Rice rule: \(h = R / (2 n^{1/3})\). Similar to Sturges but grows more slowly.

"scott"

Scott's rule: \(h = 3.49 \hat\sigma n^{-1/3}\). Optimal for normal data in the sense of minimising mean integrated squared error.

"doane"

Doane's rule. Extends Sturges to account for skewness; better suited to non-normal distributions.
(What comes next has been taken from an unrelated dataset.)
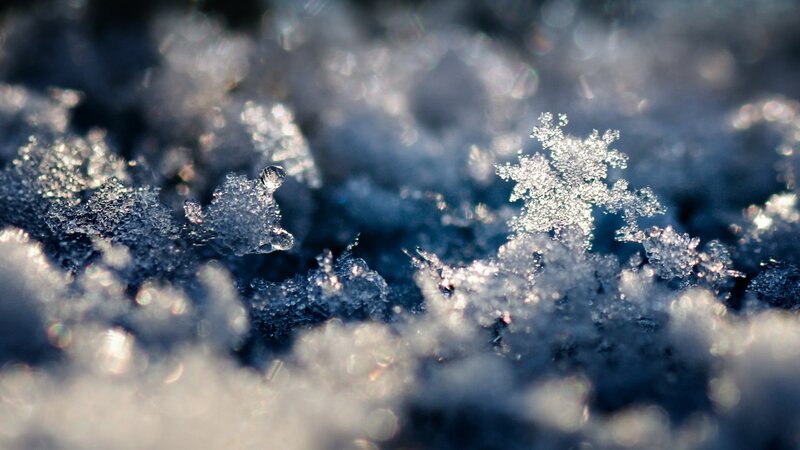Snowflake on Snow — White, Calm, Winter, Photograph, Ice Crystals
Requires \(n \ge 3\).

Value

A single positive numeric value giving the bin width.

Details

In all formulae, \(R\) denotes the range (diff(range(x))) and \(n\) the number of non-NA observations.

The "fd" fallback to Sturges when IQR(x) == 0 avoids a zero-width bin, which can occur with heavily discrete or zero-inflated data.

Errors

The function aborts with an informative message when:

  • x is not a numeric vector.

  • method is not a single character string.
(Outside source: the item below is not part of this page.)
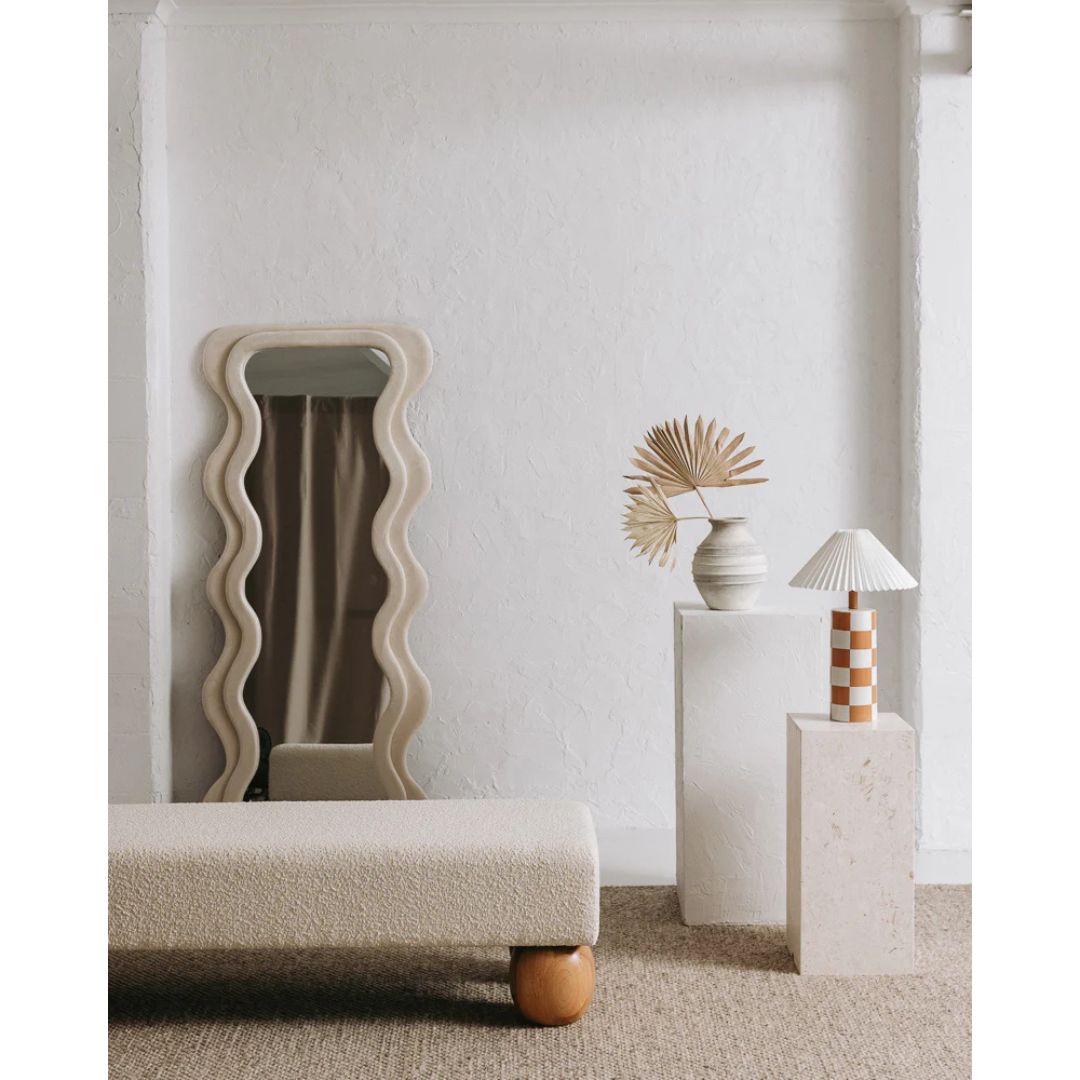 Kids White Bouclé Bench Seat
  • x contains no non-NA values, or only one.

  • All non-NA values in x are identical (zero range).

  • method = "doane" is requested with fewer than 3 observations (the skewness standard error is undefined for \(n < 3\)).

  • An unrecognised method string is supplied.

Examples

# Continuous data — Freedman-Diaconis
calc_bin_width(rnorm(200), "fd")
#> [1] 0.448634

# Skewed data — Doane corrects for skewness
calc_bin_width(rexp(200), "doane")
#> [1] 0.3778829

# Discrete / zero-inflated data — FD falls back to Sturges
calc_bin_width(c(rep(0, 50), rep(1, 50)), "fd")
#> [1] 0.4308869

# NA values are silently dropped
calc_bin_width(c(NA, rnorm(100), NA), "scott")
#> [1] 0.7285563

# Compare all methods on the same data
x <- rnorm(500)
methods <- c("auto", "sturges", "fd", "sqrt", "rice", "scott", "doane")
vapply(methods, \(m) calc_bin_width(x, m), numeric(1))
#>      auto   sturges        fd      sqrt      rice     scott     doane 
#> 0.3280859 0.5811504 0.3280859 0.2590091 0.3648492 0.4261072 0.5560889 

# Error conditions
try(calc_bin_width(letters))               # non-numeric x
#> Error in calc_bin_width(letters) : `x` must be a numeric vector.
#>  Got an object of class <character>.
try(calc_bin_width(c(1, NA, NA)))          # only one non-NA value
#> Error in calc_bin_width(c(1, NA, NA)) : 
#>   `x` contains only one non-"NA" value.
#>  At least two observations are required to compute a bin width.
try(calc_bin_width(rep(5, 50)))            # zero range
#> Error in calc_bin_width(rep(5, 50)) : 
#>   `x` has zero range: all non-"NA" values are identical.
#>  Bin width is undefined when all observations are the same.
try(calc_bin_width(rnorm(200), "badrule")) # unknown method
#> Error in calc_bin_width(rnorm(200), "badrule") : 
#>   Invalid `method` argument.
#>  Method "badrule" is not supported.
#>  Allowed methods: "auto", "sturges", "fd", "sqrt", "rice", "scott", and
#>   "doane"
try(calc_bin_width(c(1, 2), "doane"))      # doane needs n >= 3
#> Error in calc_bin_width(c(1, 2), "doane") : 
#>   Doane's rule requires at least 3 observations.
#>  `x` has only 2 non-"NA" values after removing "NA"s.
#>  Use a different `method` or supply more data.